É bom que não esqueçamos esta lição. Porque temos aí, já quase à nossa frente, uma desgraça de outra natureza. A situação económica de Portugal é pouco menos do que desesperante e desesperançada. Não se vê modo de como diminuir o desemprego. O que força a existência de grandes gastos sociais para acorrer aos desvalidos da sorte. A contribuir para o descalabro das finanças públicas. O que, para além de desobedecer às exigências da Comunidade Europeia, tem por consequência a subida da dívida pública portuguesa e, a prazo, a eventual suspensão de pagamentos internacionais. Se – ou quando – isso acontecer, o descalabro será generalizado. Temos na Argentina de há poucos anos atrás um exemplo do que sucede numa tal circunstância. Os sofrimentos sociais são inenarráveis.
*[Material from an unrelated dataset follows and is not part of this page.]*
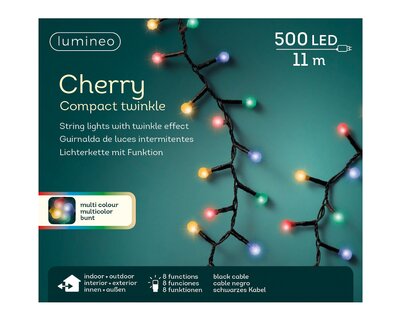 LED CHERRY LIGHTS OUTDOOR - MULTI-COLOURED - image 2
E teríamos certamente, tal como ali aconteceu, um período de grande agitação social.
Ora, é minha convicção de que só não chegaremos aí se encontrarmos forças que nos conduzam à união. É urgente que tenhamos uma sociedade menos conflitual e que unamos os nossos esforços no sentido de caminhar para algum lado. Sedentos de poder, os políticos não entenderão, eventualmente, esta necessidade. Ou tenderão a fazê-la submergir no oceano das suas ambições particulares. Mas não são os políticos os detentores do poder. É o Povo, somos nós todos, quem manda. Algo que é preciso afirmar sem deixar margem para dúvidas. Se os políticos não sabem o caminho a trilhar, temos de ser nós a dizer-lhes. Queremos entendimento em redor da recuperação nacional. Estamos disponíveis para os sacrifícios necessários só, e apenas só, eles estiverem decididos a seguir a senda correcta. E teremos a coragem de enviar para a rua quem não estiver de acordo com isso.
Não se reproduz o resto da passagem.